CHINA'S exports fell at the fastest pace in more than a decade in January, and imports continued to plummet in further signs of faltering global and domestic demand.

Exports dipped 17.5 percent year on year to US$90.45 billion for the month, following a 2.8 percent decline in December and a 2.2 percent decrease in November, the General Administration of Customs said yesterday. The decrease was the biggest in percentage terms since October 1998.

The country's imports plunged last month by 43.1 percent to US$51.34 billion, led by declining prices of commodities, after a drop of 21.3 percent in December.

China's trade surplus expanded 102 percent to US$39.1 billion.

Experts cautioned that the export figures were affected by fewer work days as a result of the week-long Spring Festival. The holiday fell in February last year.
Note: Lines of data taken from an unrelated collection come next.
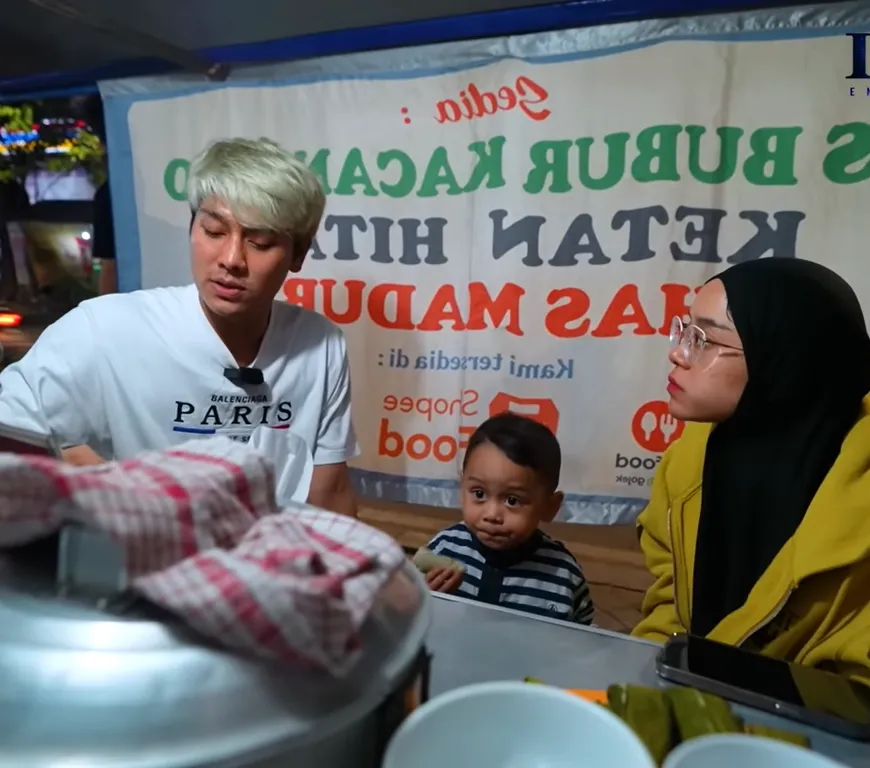 Tak Gengsi, Lesti Kejora dan sang Suami Jajan Bubur Kacang Ijo dan Bakso di Pinggir Jalan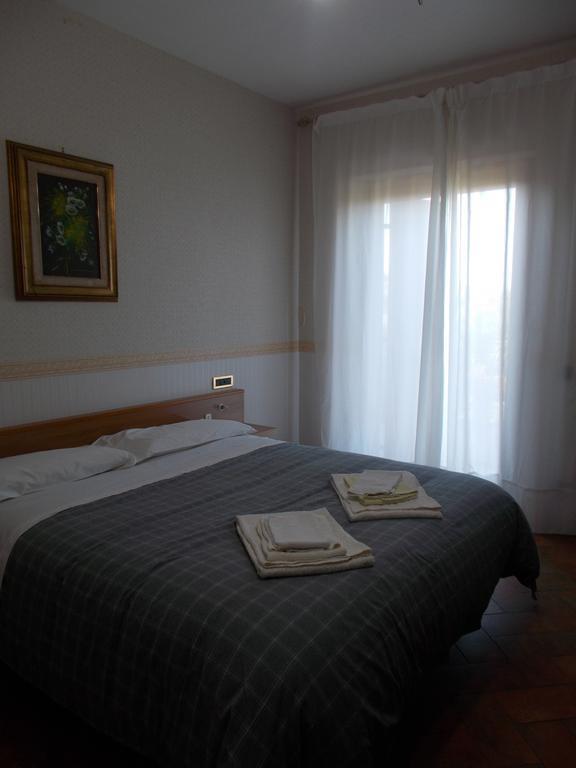 Casa Degli Ulivi Hotel Tivoli Quarto foto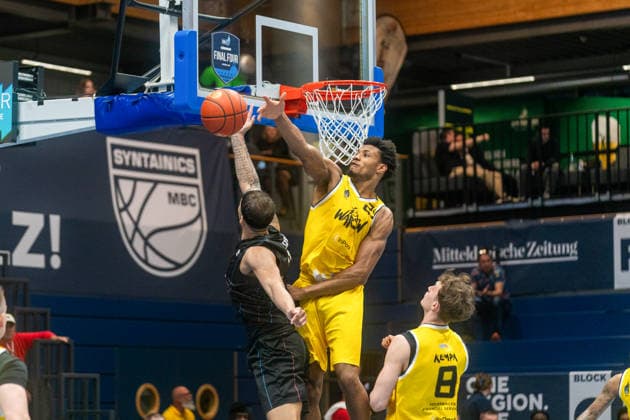 Max Jones (Manchester Basketball Club, 02) und Ody Oguama (Dziki Warschau, 25) kämpfen um den Ball GER, Manchester Basketball vs. Dziki Warschau, Basketball, European North Basketball League, Finale, Saison 2025 2026, 23.04.2026 GER, Manchester Basketball vs. Dziki Warschau, Basketball, European North Basketball League, Finale, Saison 2025 2026, 23.04.2026 Weissenfels Copyright: xEibner-Pressefoto PiaxSchindlerx EP_PSR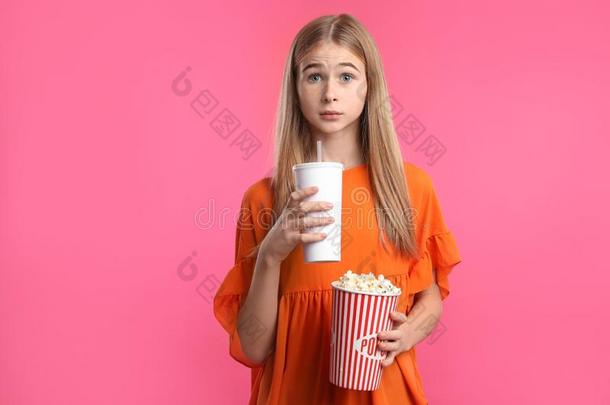 表现强烈情感的十几岁的女孩和爆米花和饮料在的时候电影院英文字母表的第19个字母
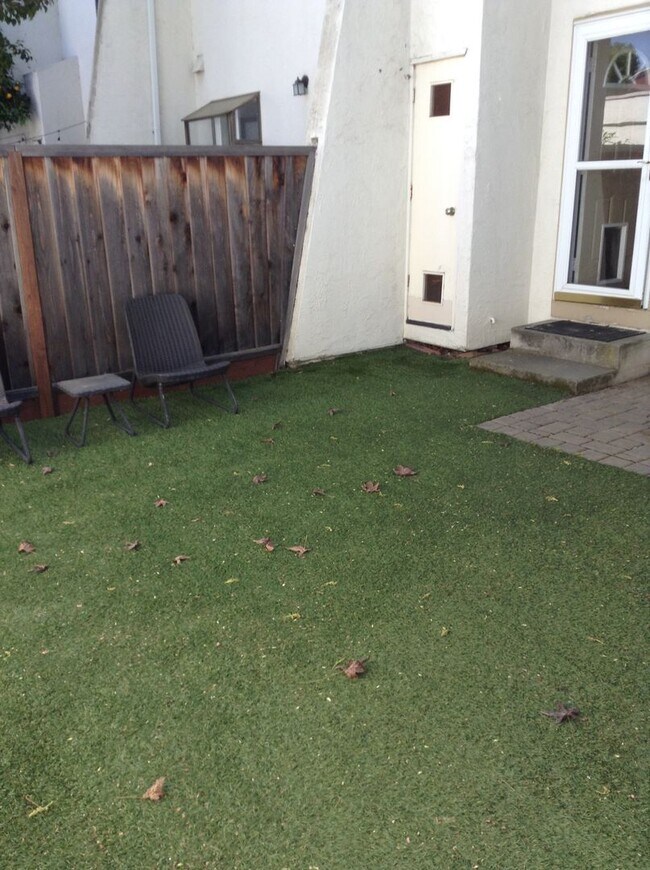 Building Photo - Stunning Townhouse on Mission Boulevard of Fremont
"The early Lunar New Year troubled the January trade data for China as well as many other Asian economies. January-February data need to be taken together for a better gauge of the true extent of the deterioration," said Citigroup economist Ken Peng.

The country's foreign trade volume with Europe dropped 18.7 percent to US$27.93 billion during the month, followed by a US$22.25 billion decrease between China and the United States, down 15.2 percent.

"The sliding demand in overseas markets led to the weak exports, said Wang Jianhui, an analyst at Southwest Securities Co. "The demand in the United States for durable consumer goods and fast-moving consumer goods dropped sharply, which greatly dampened China's exports. The situation may be severe through the first half of the year."

Exports of some products supported by tax incentives grew in the period, including a 5.7 percent rise for garments, 10.6 percent for shoes and 8.3 percent for bags. Earlier this month, China raised the export tax rebate for textiles and garments to 15 percent from 14 percent following two increases last year.

Analysts attributed the declining imports to lower prices for oil and raw materials and ailing domestic demand.

"In coming months, China's import bill may continue to shrink as annual commodity contracts with Australia will be renegotiated around March," said Sherman Chan, an economist at Moody's "Prices are expected to decline considerably, reflecting the significant fall in global prices over the past few months."

The government is trying to reduce reliance on exports, announcing a 4-trillion-yuan (US$585 billion) stimulus package in November that is aimed at boosting domestic consumption.

In a statement on Tuesday, the country's Cabinet further stressed the need to create jobs during the financial crisis.

Export firms employ tens of millions of rural migrants. With many factories in export-driven southern China closed, about 20 million workers - 15 percent of the nation's migrant labor pool - have lost their jobs.